The choice of a guide is a serious question, as the success or otherwise of an expedition depends very largely upon him, and I found considerable difficulty in finding a suitable man. I nearly engaged one who applied, as he seemed to be the only one of the candidates who knew anything at all about the desert beyond the Egyptian frontier. But Nimr—Sheykh Suleyman’s brother—sent me word by Abd er Rahman, that he was not to be relied on as he “followed the Sheykh”—the usual way among natives of describing a man who was a member of the Senussia, and as he refused a cigarette I offered him, I declined to employ him. Smoking, it may be noticed is forbidden to the followers of Sheykh Senussi, and the offer of a cigarette is consequently a useful—though not always infallible—test of membership of this fanatical fraternity.

My suspicions were confirmed on the following morning, when this man came in to hear my answer to his application. The camel he rode was branded on the neck with the wasm of the Senussia—a kind of conventionalised form of the Arabic word “Allah” (

)—a damning piece of evidence showing not only that he belonged to the sect, but that his mount was supplied by the Senussia itself. He was probably one of their agents.
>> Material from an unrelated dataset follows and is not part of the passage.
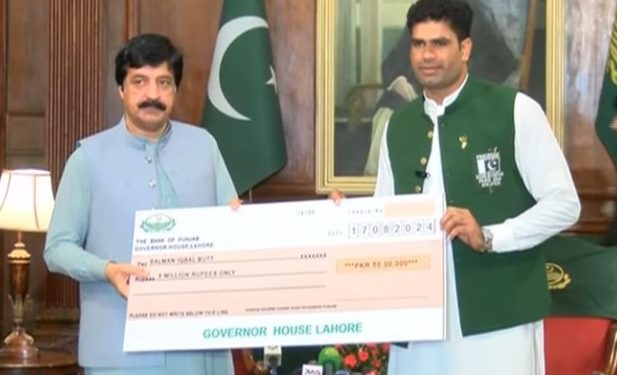 گورنر پنجاب کی بھی ارشد ندیم پر انعامات کی برسات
I was beginning to despair of finding a guide, when I received a telegram from the mudir (native governor) of Assiut, to whom I had applied for a reliable man, saying that he had got one for me, and asking whether I wished to see him.

The man arrived the next day. I took a fancy to him at once, which even his many peccadilloes never quite destroyed. His appearance was distinctly in his favour. He was a big man, nearly six feet high, which is very tall indeed for an Arab. He looked about sixty years old, and carried himself with that “grand air” which so many of the bedawin show, and which goes so well with the flowing robes of the East. Unlike most bedawin he was spotlessly clean.

His name he said was Qway Hassan Qway. It is quite impossible to convey an accurate idea of the pronunciation of Arabic names by mere European systems of writing, but his first name as he pronounced it, sounded like “choir” with a sort of gulping “g” instituted for the “ch.” He added the gratuitous piece of information that his grandfather had been a bey—a sort of military title corresponding roughly to a knighthood. He was clearly not in the habit of hiding his light under a bushel. But as he was very highly recommended by the mudir, and I liked the look of him, I engaged him.

“Guide” is perhaps hardly the correct term to describe the capacity in which he was expected to act, for he did not even profess to have any knowledge of the desert beyond the Egyptian frontier. But as it seemed hopeless to attempt to find anyone who did, I employed him as a man of great experience in desert travelling, who would act as head of the caravan and help me with his advice in any difficulty that arose.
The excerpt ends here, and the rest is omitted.